Israel has successfully tested India’s supersonic long-range surface-to-air missile (LRSAM) — Barak 8. The weapon is the first LRSAM India and Israel has co-developed. 

What is Barak 8?

Barak 8 (the Hebrew word for Lightning) is an Indian-Israeli surface-to-air missile (SAM), designed to defend against any type of airborne threat including aircraft, helicopters, anti-ship missiles, and UAVs as well as cruise missiles and combat jets.

Israel Aerospace Industries describe Barak 8 as “an advanced, long-range missile defense and air defense system” with its main features being:

•    Long Range

•    Two way data link (GPS S band)

•    Active Radar Seeker Missile

•    360 degree coverage

•    Vertical Launch

•    Multiple Simultaneous Engagements


Ballistic Missile Defence (AAD)

  • Ballistic Missile Defence (BMD) is a two tired defence shield which aims to destroy enemy ballistic missiles.
  • The BMD consists of two interceptor missiles, the Prithvi Defence Vehicle (PDV) and the Advanced Area Defence (AAD) missile.
  • PDV/Pradyumna Ballistic Missile Interceptor is capable of destroying missiles at exo-atmospheric (high) altitudes of 50–80 km.
  • PDV is a two stage supersonic missile fuelled by solid motor in 1st stage and liquid fuelled in 2nd stage.
  • AAD/Ashvin Advanced Defense interceptor is capable of destroying missiles at endo-atmosphere (low) altitudes of 15-30 kilometers.
  • AAD is a single-stage supersonic solid fuelled interceptor missile.
  • The Ballistic Missile Defence shield is expected to be achieved by 2022.
  • AAD was recently successfully test-fired from a test range in Odisha.
India’s Missile Systems for UPSC  Exosphere Endosphere
India’s Missile Systems for UPSC  Ballistic Misile Defence System

Mission Shakti

Mission Shakti was undertaken to develop highly-potent Anti-satellite weapons (ASAT). It is a joint programme of the Defence Research and Development Organisation (DRDO) and the Indian Space Research Organisation (ISRO). Anti-satellite (ASAT) System is missile-based system to attack moving satellites. 
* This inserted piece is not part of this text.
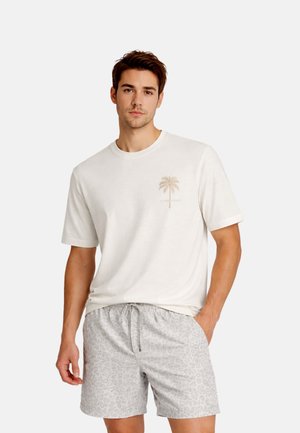 Ung mand iført en hvid t-shirt med et palmetræsgrafik og lysegrå leopardprintshorts, stående med den ene hånd i lommen.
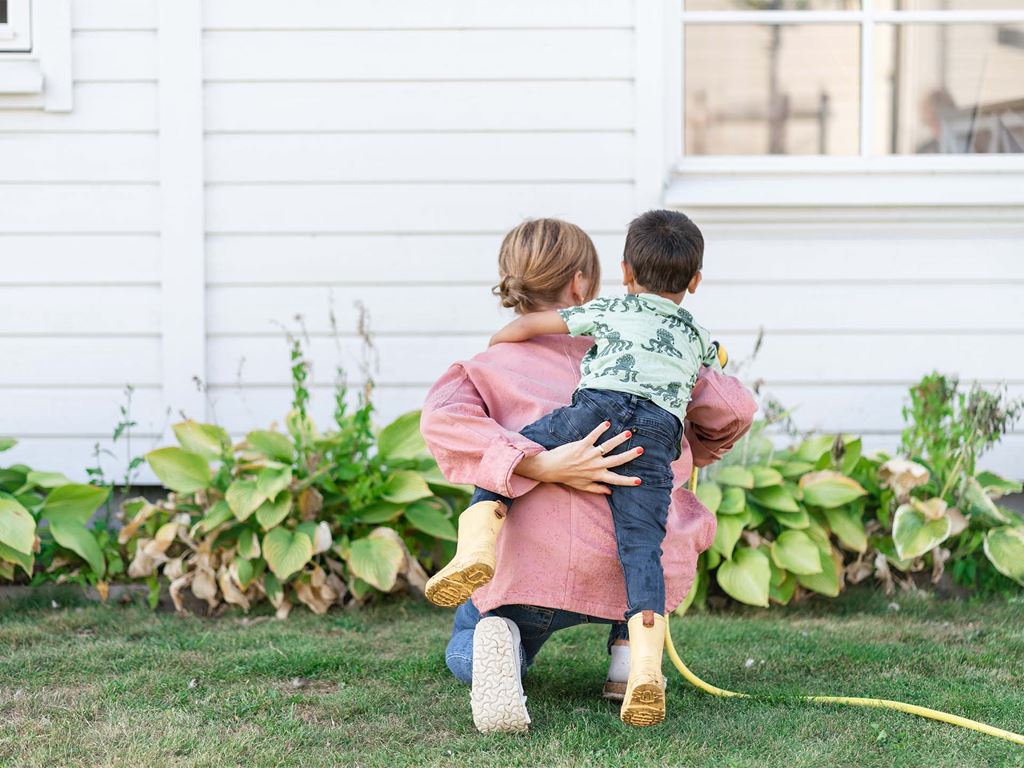Mamma visar son deras nybyggda hus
  • ASAT propels India to the coveted space-superpower league.
  • India will now have the power to decimate satellites for pure military and strategic purpose.
  • With this missile, India will have the capability to interfere with satellites or engage in direct attacks.
  • ASAT missile can be air, sea or land-based.

Why is it made to destroy Satellites?

  • Satellites assume a great importance now-a days, because it is a part of critical civil and defence infrastructure of any country, manifested in the fact that a large number of crucial applications are dependent on it.
  • These include navigation systems, communication networks, broadcasting, banking systems, stock markets, weather forecasting, disaster management, land and ocean mapping and monitoring tools, and military applications.
  • Destroying a satellite would render these applications useless. It can cripple enemy infrastructure without causing any threat to human lives.
  • Outer space is also emerging as the fourth arena of warfare. Hostile state and non-state actors can therefore damage Indian space assets.
  • The ASAT capability has created some deterrence against potential hostile behaviour against Indian interests.

Background:

Kessler Syndrome

  • The Kessler syndrome (also called the Kessler effect, collisional cascading or ablation cascade), proposed by the NASA scientist Donald J. Kessler in 1978, is a scenario in which the density of objects in low Earth orbit (LEO) is high enough that collisions between objects could cause a cascade where each collision generates space debris that increases the likelihood of further collisions.
  • One implication is that the distribution of debris in orbit could render space activities and the use of satellites in specific orbital ranges impractical for many generations.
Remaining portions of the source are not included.